The classifier should be trained and tested on the FPB dataset. Shuﬄe the FPB data with random
seed 42, and split it into training, validation, and test splits, with a 80/10/10% ratio (e.g., use
random state in sklearn.model selection.train test split.) Note that the data file is not
encoded with the default character encoding UTF-8. You may need to specify the encoding to use
ISO-8859-1 when you load the file.

In [11]:
import pandas as pd
import re
from nltk.stem import PorterStemmer

In [12]:
file_path = "HW1/FPB.csv"
fpb = pd.read_csv(file_path, encoding="ISO-8859-1")
fpb.head()

Unnamed: 0,neutral,"According to Gran , the company has no plans to move all production to Russia , although that is where the company is growing ."
0,neutral,Technopolis plans to develop in stages an area...
1,negative,The international electronic industry company ...
2,positive,With the new production plant the company woul...
3,positive,According to the company 's updated strategy f...
4,positive,FINANCING OF ASPOCOMP 'S GROWTH Aspocomp is ag...


## Problem 1: Text Pre-Processing

Pre-process the text data using text preprocessing techniques such as tokenization, stemming, etc.
Be sure to make each step clear in your code.
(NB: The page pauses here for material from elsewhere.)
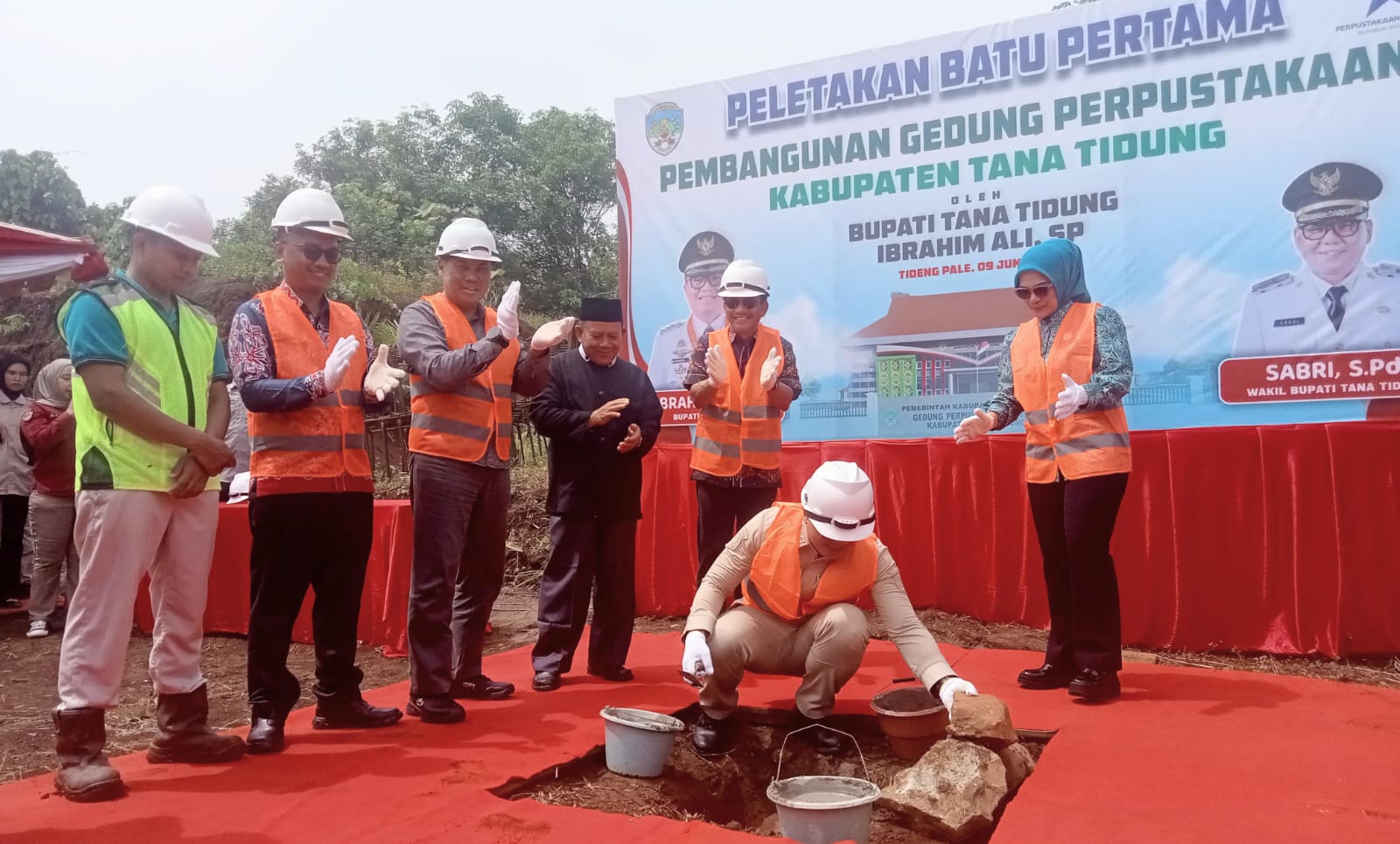 DIMULAI: Bupati Tana Tidung, Ibrahim Ali, melakukan peletakan batu pertama pembangunan perpustakaan daerah di Tana Tidung. FOTO: IST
In the writeup, show the results of tokenization and
stemming for the first 5 sentences in the original FPB.csv file.

In [13]:
# Rename columns for clarity
fpb.columns = ["Sentiment", "Headline"]

In [14]:
import nltk
nltk.download('punkt') # downloads you a model

nltk.download('stopwords') # <--- this is new
from nltk.corpus import stopwords

# print(stop)

from nltk.tokenize import word_tokenize
from nltk.tokenize import sent_tokenize
from nltk.stem import PorterStemmer 



[nltk_data] Downloading package punkt to /home/jovyan/nltk_data...
[nltk_data]   Package punkt is already up-to-date!
[nltk_data] Downloading package stopwords to /home/jovyan/nltk_data...
[nltk_data]   Package stopwords is already up-to-date!


### Tokenization

In [15]:
ps = PorterStemmer() 
stop = set(stopwords.words('english'))

# return a list of tokens
def pre_processing_by_nltk1(doc, stemming = False, need_sent = False):
    # step 1: get sentences
    sentences = sent_tokenize(doc)
    # step 2: get tokens
    tokens = []
    for sent in sentences:
        words = word_tokenize(sent)
        # step 3 (optional): stemming
        if stemming:
            words = [ps.stem(word) for word in words]
        if need_sent:
            tokens.append(words)
        else:
            tokens += words
    return [w.lower() for w in tokens if w.lower() not in stop]

In [16]:
fpb.Headline[:5].apply(pre_processing_by_nltk1)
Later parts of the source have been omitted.